Он попытался еще раз обмануть сам себя спасительным любопытством зеваки: интересно, как же слепому удалось убить рыжего? И это не помогло. И с удвоенной яростью он предался дилемме: виновен я или нет?
Он продолжал спорить сам с собой, искать и находить оправдания: я же не говорил прямо — убейте его, мастер Антонио, мне и мысль такая в голову не приходила, в такой безобразной определенности, по крайней мере, — и при всем том нельзя было не признать: то, что он выдал влюбленных, повлекло за собой остальное; синяки, о которых не знаешь, не болят, ничего не зная, старик сидел бы себе дома, невинный как дитя; итак…
И он возвращался к началу. Медленное пережевывание страха, угрызений и прочего, бесконечная шахматная партия с самим собой. И даже внезапные внутренние повороты, время от времени превращавшие его в холодного, расчетливого эгоиста, тоже были игрой. Игра в кости, пляска очков, немногим больше.
Он почувствовал себя окончательно опустошенным. Мысли путались, ноги слабели, пришлось снова улечься. Тишина завладела домом. Одиночество хозяйничало в его комнате, наполняло воздух, светило из света, пригрелось калачиком рядом с ним на кушетке. Куда провалилась его жена? Мариана? Их разговор? Он вздрогнул, услышав легкий шелест листьев ореха, тронутых внезапным порывом ветра. Солнечный луч, разгоняя утреннюю серую мглу, мимоходом коснулся окна, яркая вспышка, ударив в глаза, ослепила его. Две бессонные ночи давили свинцом, и вдруг белые густые волны сомкнулись над ним, ослепили и оглушили его. Он задремал.
XXVIII
То был не сон, скорее кошмар; он захлебывался в тяжелой воде, не мог вздохнуть, в этом море не было рыб, водорослей, ничего, только эта вот жидкая пустыня, она сгущалась, становилась льдом, тяжестью, ранила своим мерцанием. Вскоре он проснулся, и первое, что ощутил, — облегчение, но в следующее мгновение смерть рыжего вновь навалилась на него. Теперь ему было ясно как день, что он виноват, и он испугался, как не понял этого сразу. Он сел, стукнул себя кулаком по голове:
— Его убили, а виноват я.
Тут он очнулся совсем, краткого облегчения, прогнавшего темные силы кошмара, как не бывало:
— Да, моя вина, чего уж тут.
Руки, сжимающие одна другую, зубы, выбивающие дробь, молитвы, еле проскакивающие сквозь зубы, и ад, и котлы с серой, и вечный огонь. Дряблое лицо отливает синим; он не брился два дня.

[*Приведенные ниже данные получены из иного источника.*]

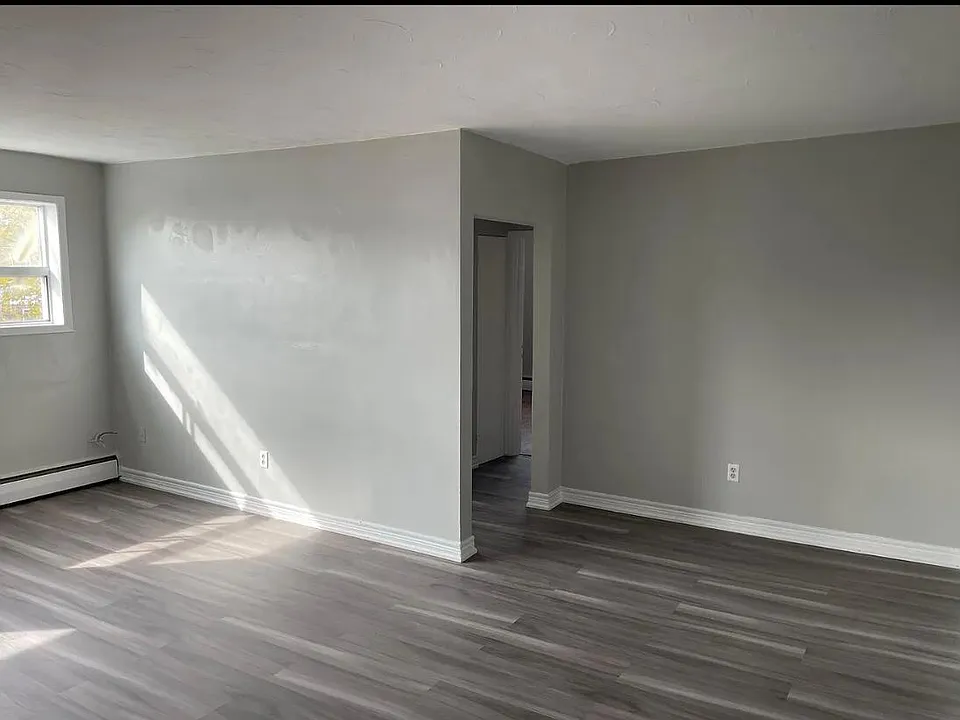 498 West St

Внезапно он застыл посреди кабинета. Руки повисли как плети. Широкие белые кисти подрагивали. Кой черт, что за переполох там, в деревне? Деревянные башмаки шлепали по дороге, кто-то кричал, плакали дети. Толпа приближалась, и в неясном нарастающем шуме ему чудились крики Клары.
Он кинулся к поставцу, припал к какой-то бутылке. Старый шлем дона Жеронимо и портреты господ Алва (три справа и три слева), залитые ликером и вином и изрезанные осколками бутылок и рюмок, взирали на него сверху: «Зачем столько битого стекла? Кучера можно узнать с первого слова».